# Bobcat s250 brakes locked



## Andrewmichael (Nov 29, 2015)

I have a bobcat s250 that I use for snow with a box plow on it. I went to go get it going during a the storm we had Sunday and when I turned the headlights on it engages the Peking brake. So I cannot move with the lights on. I can move perfectly fine with them off and everything runs great. Anybody have a clue what could be wrong?


----------



## Philbilly2 (Aug 25, 2007)

Sounds like the BICS (bobcat interlock control somthing) control is on the fritz or just a dead short.


----------



## Andrewmichael (Nov 29, 2015)

Philbilly2 said:


> Sounds like the BICS (bobcat interlock control somthing) control is on the fritz or just a dead short.
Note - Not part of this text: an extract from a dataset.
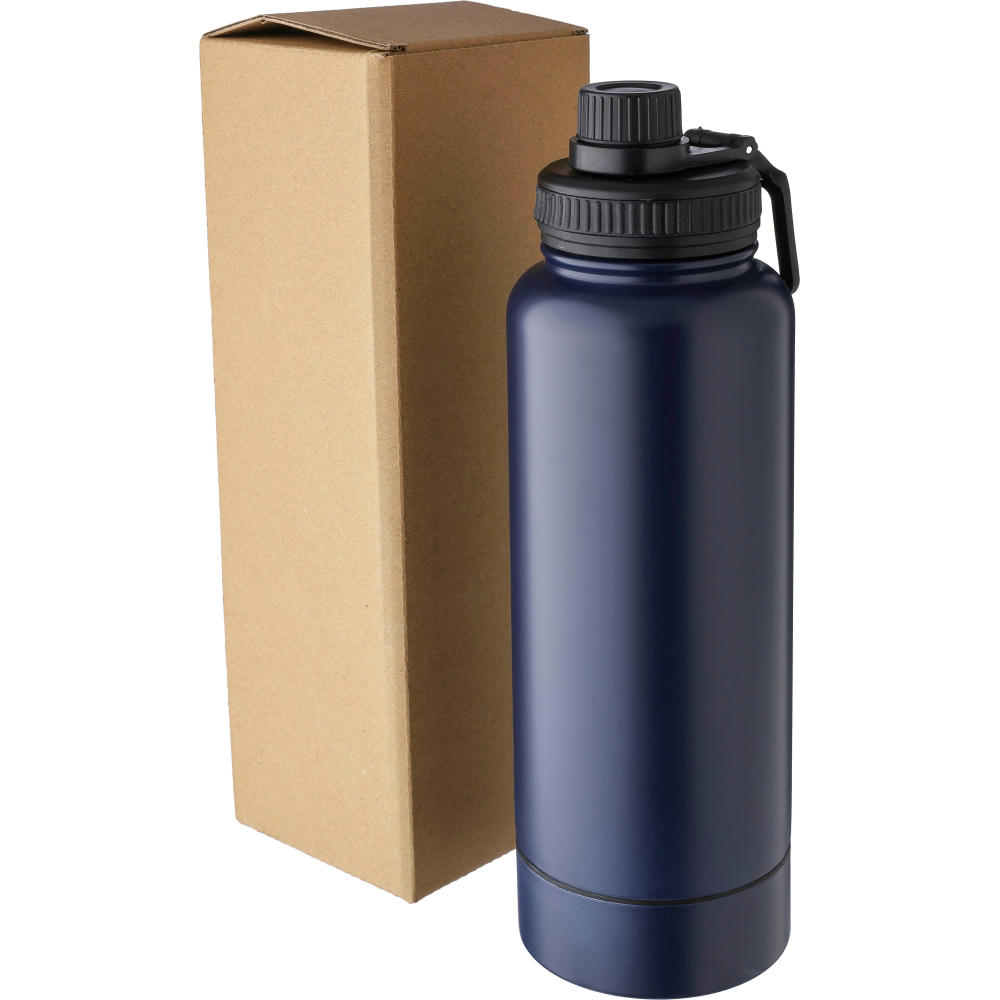 Doppelwandige Edelstahl-Trinkflasche 1000 ml Nathaniel Werbeartikel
Any clue where I can locate bics? How would I test that?


----------



## Philbilly2 (Aug 25, 2007)

When you turn on the lights do the brakes lock right away or does it beep 3 times then lock?


----------



## Andrewmichael (Nov 29, 2015)

Philbilly2 said:


> When you turn on the lights do the brakes lock right away or does it beep 3 times then lock?


They immediately lock and the parking brake switch lights up simultaneously as if I flipped the switch to engage them


----------



## Philbilly2 (Aug 25, 2007)

You have a dead short between the lights and the parking brake switch would be my guess then.


----------



## Andrewmichael (Nov 29, 2015)

Philbilly2 said:


> When you turn on the lights do the brakes lock right away or does it beep 3 times then lock?


Sounds good. I'll take a look and let you know if I find anything. Thanks for the help


----------



## leolkfrm (Mar 11, 2010)

might be dirt behind the panel


----------



## Andrewmichael (Nov 29, 2015)

leolkfrm said:


> might be dirt behind the panel


Behind the panel with lights switch or brake switch or both?


----------



## Philbilly2 (Aug 25, 2007)

Andrewmichael said:


> Behind the panel with lights switch or brake switch or both?


I would pull the headlight switch out and see if it still engages brake, then try the same with the brake, you might just have a frayed wire.


----------



## leolkfrm (Mar 11, 2010)

if dirty blow it all out, i have seen dog hair behind the dash of big rig cause all kinds of issues


----------